▶ [What the task asks]:
In the data below, locate the line containing "[upl. by Monteith]" and the line containing "人教版数学七年级下册 7.1.2 平面直角坐标系课件第4页", then retype both and everything between them exactly. Pictures are not part of the copy.

▶ [Supplied information]:
• • • • •

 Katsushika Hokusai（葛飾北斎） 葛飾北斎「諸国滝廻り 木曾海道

• • • • •

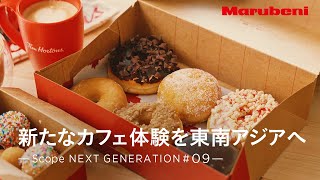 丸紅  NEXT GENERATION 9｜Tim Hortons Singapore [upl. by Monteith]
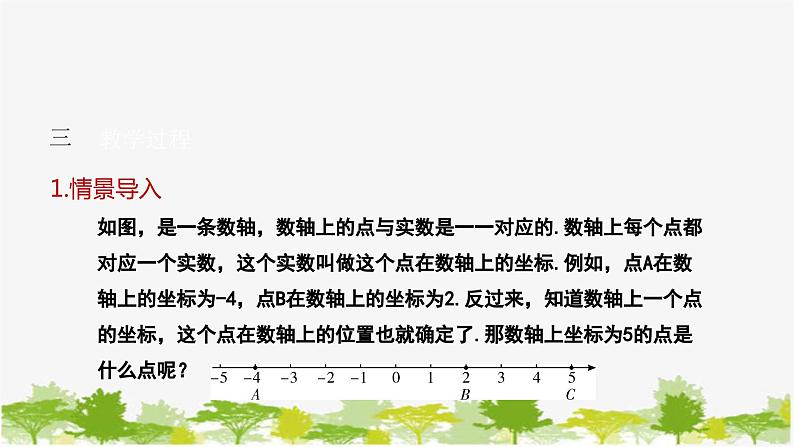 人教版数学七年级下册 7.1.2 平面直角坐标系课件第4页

• • • • •

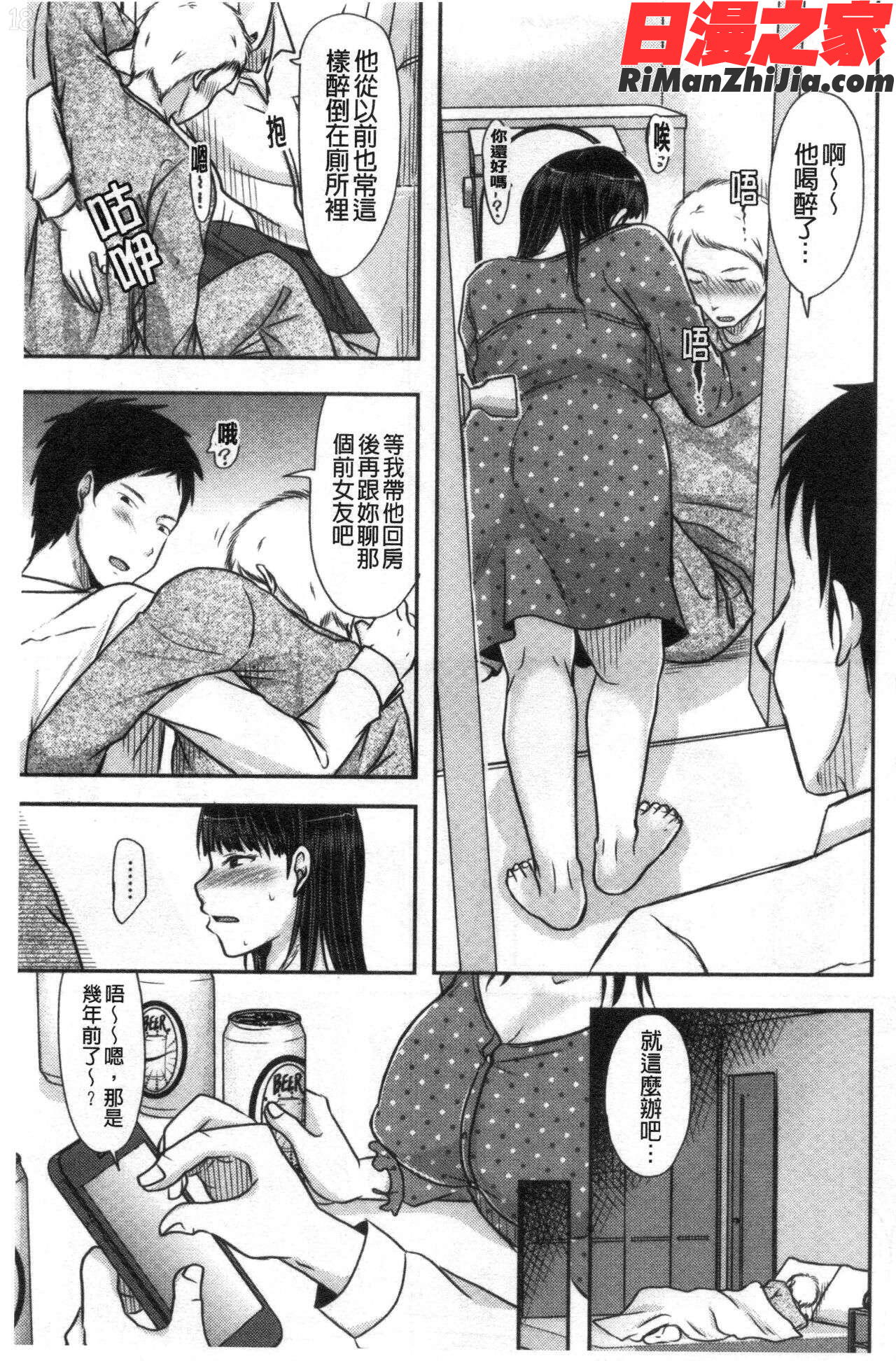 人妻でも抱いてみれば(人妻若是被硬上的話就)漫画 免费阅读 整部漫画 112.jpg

• • • • •

▶ [Answer box]:
 丸紅  NEXT GENERATION 9｜Tim Hortons Singapore [upl. by Monteith]
 人教版数学七年级下册 7.1.2 平面直角坐标系课件第4页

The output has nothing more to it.